**WORK ITEM:**
Give the listing again word for word. Skip the pictures.

** MATERIAL FOR THIS EXERCISE follows **

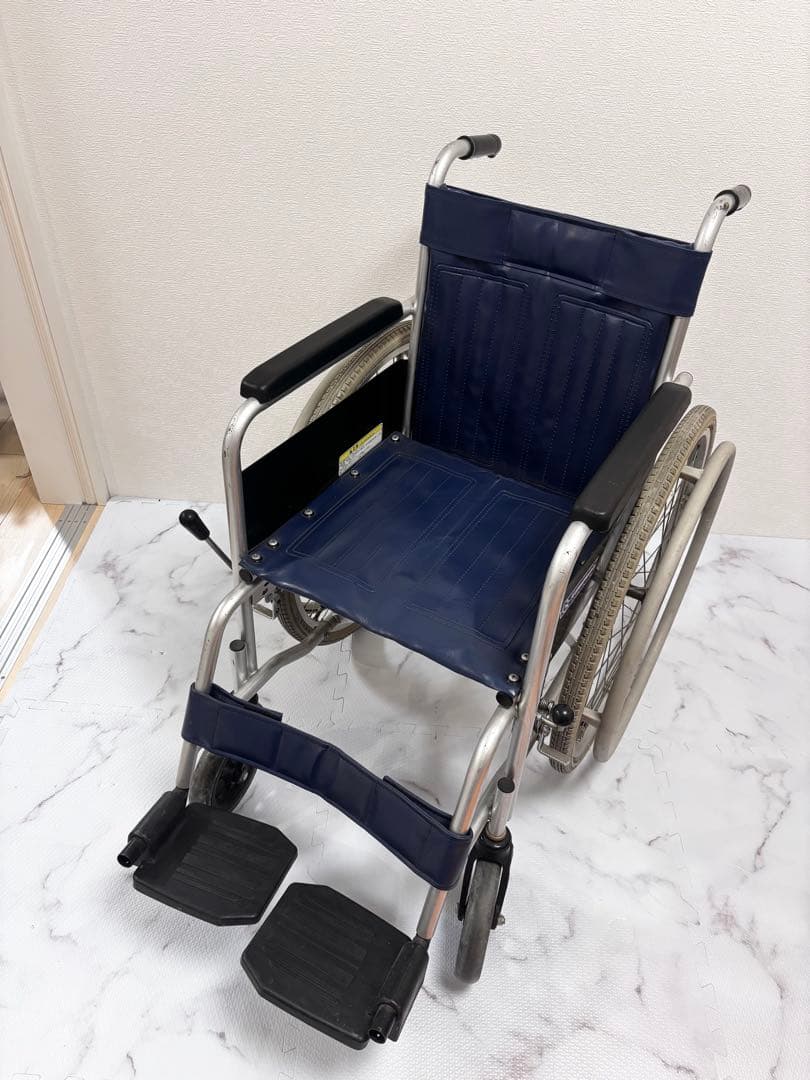 カワムラサイクル 自走用車椅子 ブレーキ付き　介護　折り畳み可能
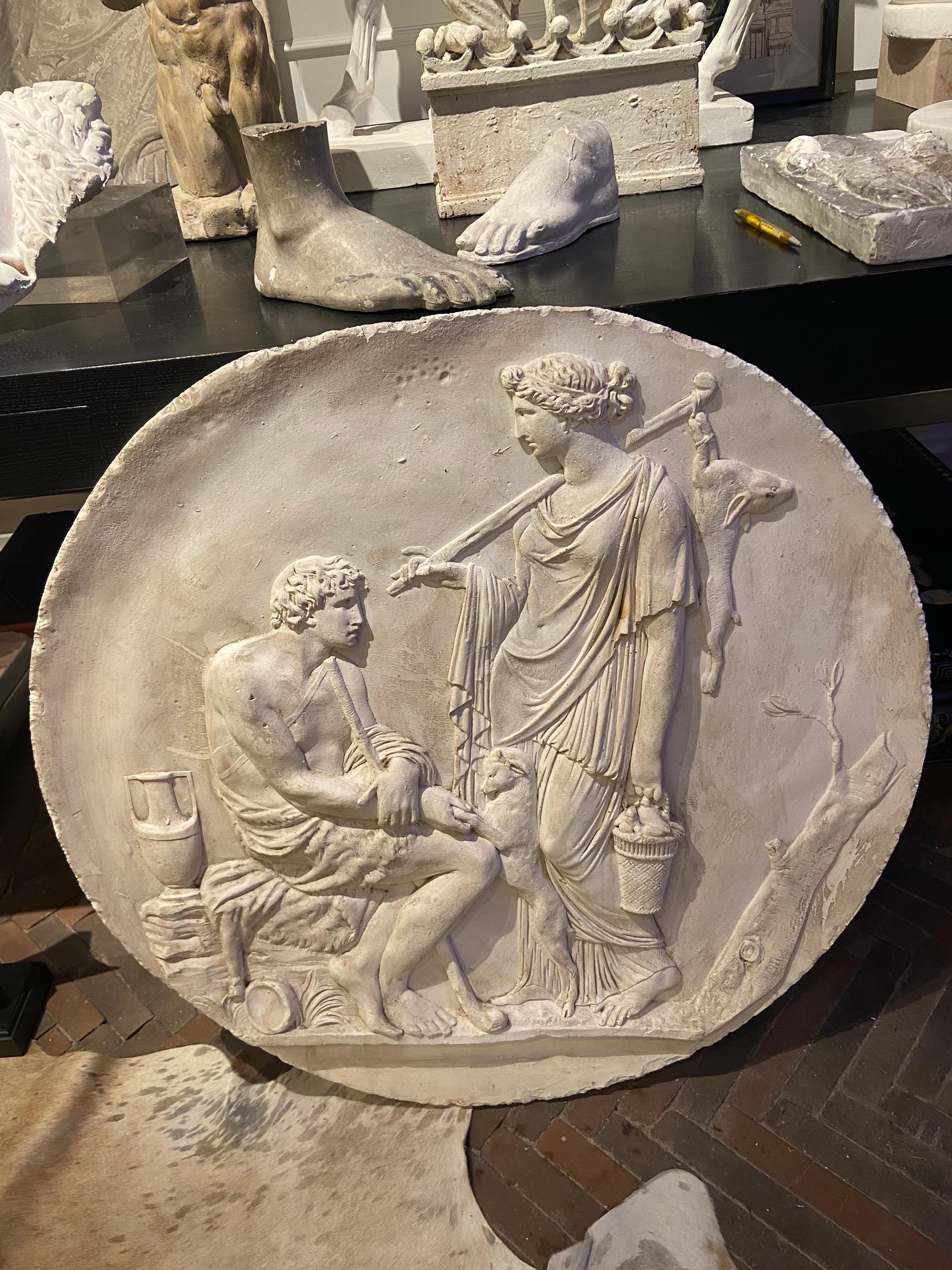 Fait main Médaillon en relief en plâtre en vente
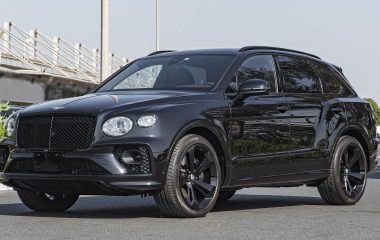 (LHD) BENTLEY BENTAYGA 4.0P AT 2022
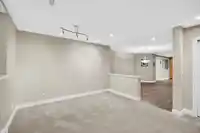 16565 63B AVENUE - thumbnail 32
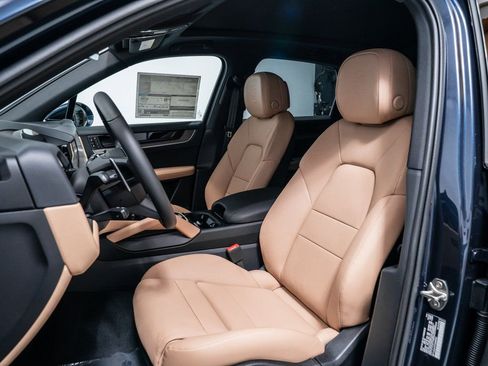 New 2026 Porsche Cayenne image 5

** End of MATERIAL FOR THIS EXERCISE **

**EXERCISE ANSWER:**
 カワムラサイクル 自走用車椅子 ブレーキ付き　介護　折り畳み可能
 Fait main Médaillon en relief en plâtre en vente
 (LHD) BENTLEY BENTAYGA 4.0P AT 2022
 16565 63B AVENUE - thumbnail 32
 New 2026 Porsche Cayenne image 5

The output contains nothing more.